Certainly interesting.
How do you measure a gain in "handling performance", I wonder. They claim 15% and 29% for different versions.
Posted 24 August 2020 - 04:16
Yeah - certainly won't be +29% lateral grip!
Posted 24 August 2020 - 10:04
It looks very interesting but I guess the same question as the Lotus Active comes to mind, how much power does it consume vs any fuel savings.
I would imagine the forces it has to aply to alter teh inboard mounting point of a suspension link are quite high in big SUV.
And I supose an obvious question what is teh fail sfe default if it malfunctions - although with modern electronics tha may be an ode of date concept!
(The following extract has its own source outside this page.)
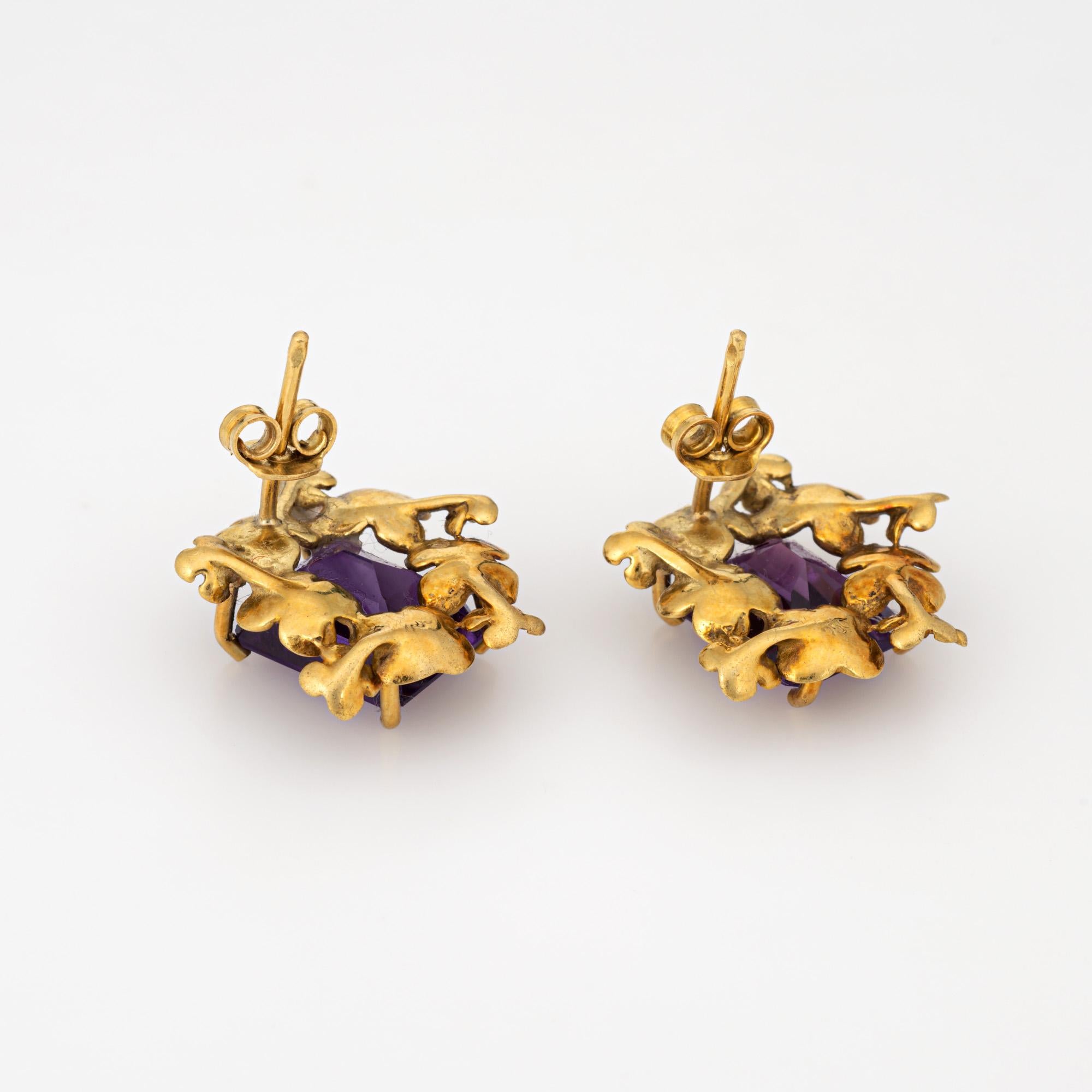 Finely detailed pair of vintage amethyst flower earrings crafted in 18k yellow gold. (circa 1960s to 1970s). 

Emerald cut amethysts measure 11mm x 9mm (estimated at 3.50 carats each - 7 carats total estimated weight). 
The sweet earrings feature a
Posted 24 August 2020 - 14:28
It'd be nice if there were a competitive racing environment—a pinnacle of motorsport as it were— where ideas like this could be tried, and claims tested and quickly evaluated in a setting that couldn't easily be manipulated for the purpose of fleecing investors.
Posted 24 August 2020 - 21:18
The power consumed would be minimal - the forces are high but the displacements required are very small.
Pretty confident these guys aren't scammers. They have a history of successful high-end engineering innovation. https://www.sciencei...18newinnovators
Posted 25 August 2020 - 00:24
Active toe is obviously easy to prototype given we've got EPAS. I'm not convinced mass production cars would need active camber, the gains are slight. Active castor is captain crazypants.
Posted 26 August 2020 - 21:25
Agree that active castor would be all cons and no pros.
Have you considered that active camber would allow the designer to optimise suspension (and steering) geometry - freed from the need to consider kinematic camber change?
I have suggested elsewhere that the ultimate suspension might be one where each all four wheels were steered and cambered independently - under electronic control. We already have torque vectored to each wheel independently, likewise bump in a fully active suspension.
There you are - 4 of the six axes at each wheel under electronic control - the remaining two (lat and long displacement) remain fixed for obvious reasons.
Edited by gruntguru, 26 August 2020 - 21:36.